Die "Einstichstelle" kann sich allerdings entzünden(seeehr sehr selten) und dann könnte sich ein Abzess bilden(noch viiiel seltener).
Also keine Panik. 
Zum Zitronensaft: Wenn du mit dem Spass gurgelst, bewegst du die Flüssigkeit im Hals-Rachenbereich und da wird eine Gräte selten sitzen. Dazu kommt, dass es ziemlich lange dauern wird bis eine Gräte "weich" wird.
Brot ist ein guter Tipp, wobei  die Gräte dabei auch tiefer eindringen kann.
Also erstmal die Hausmittelchen ausprobieren und wenn das nicht funktioniert --> ab zum Arzt.
Gruss ROY


----------



## Michael_05er (21. September 2011)

*AW: Gräte verschluckt*



Soulfly schrieb:


> ...und sie kann auch die speiseröhre nicht beschädigen...das einzige was sie tut...verdammt unangenehm sein...


Etwas schlimmer kann es schon kommen. Ich war vor Jahren schon mal beim Arzt, weil ein Stück einer Gräte im Rachenraum feststeckte und mit einer extra-langen Pinzette entfernt werden musste. Da haben Kartoffeln, Weißbrot und Co. nix bewirkt, die steckte fest. War ne Y-Gräte eines Hechtes.

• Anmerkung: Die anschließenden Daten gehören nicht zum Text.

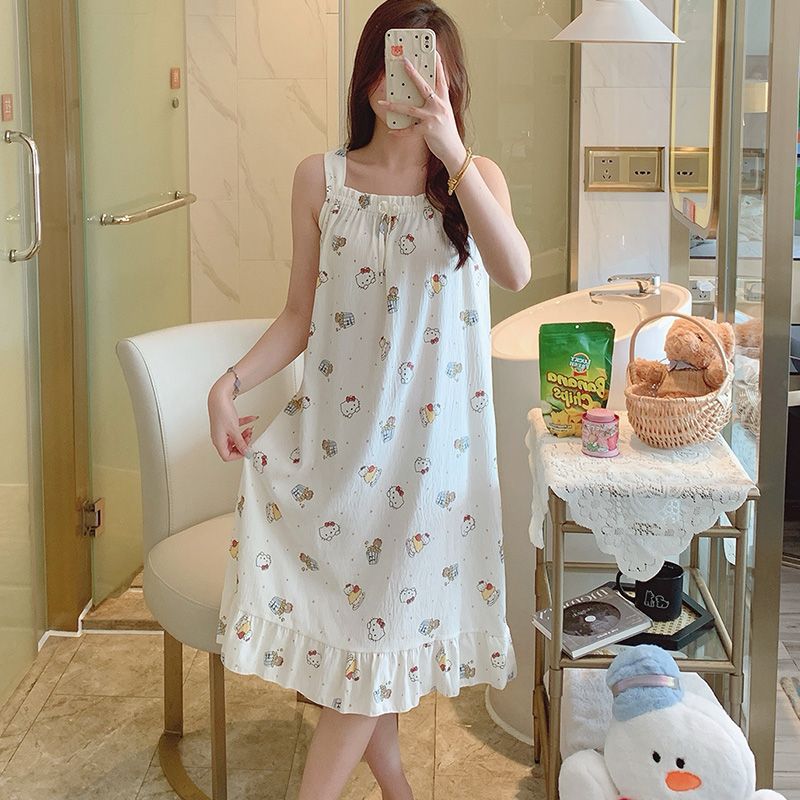 Camisón transfronterizo mujer verano nuevo estilo nube algodón tirantes sin mangas chaleco estilo princesa estudiante dulce y lindo servicio a domicilio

Erstickt wäre ich daran nicht, es tat nur weh. Die Gefahr ist aber vielleicht, in Panik zu geraten und zu verkrampfen. Dann kriegt man keine Luft oder hyperventiliert oder so. Ansonsten schluckt man einen Großteil der Gräten, die man aus Versehen mitisst, einfach runter und merkt es kaum. Wir reden ja hier nicht von den großen "Rippen", sondern eher von den kleinen Y-Dingern. Also mal keine Panik.
Grüße,
Michael


----------



## cafabu (21. September 2011)

*AW: Gräte verschluckt*

Moinsen,
also das mit dem Ersticken ist eine psycho/somatische Reaktion. Im Kehlkopf gibt es einen Deckel der beim Schlucken die Luftröhre verschließt. Ist ne praktische Sache, damit die Gräte nicht in den falschen Hals (Luftröhre kommt).
Fals sich die Gräte nun quer stellt signalisiert die Speiseröhre bin noch am arbeiten und der Deckel will sich schließen. Je mehr man dann in Panik kommt und die Gräte weiter runterschlucken will um so mehr arbeitet das System unbewusst und man bekommt keine Luft mehr. Also Ruhe bewaren hilft. Feste Nahrung (Brot, Sauerkraut, Kartoffel, Döner, etc.) nehmen und durch runterschlucken versuchen die Gräte wieder frei zu bekommen. Entscheidend ist dabei, das die Nahrung einen "festen" Klos bildet, der die Gräte mitzieht. Die Speiseröhre ist so dehnbar, dass Verletzungen so gut wie ausgeschlossen sind. Eine Reizung bleibt über, die aber im Laufe des Tages abklingt. Falls die Reizung über einen Tag bleibt ärztlich Abklären lassen.
Carstenh


----------



## daci7 (21. September 2011)

*AW: Gräte verschluckt*

ó_Ò
Ich wusste garnicht, dass es wirklich Leute gibt die sich darüber Gedanken machen an einer Gräte zu ersticken!
Ich dachte das wäre ein Mythos ... also diese Leute. 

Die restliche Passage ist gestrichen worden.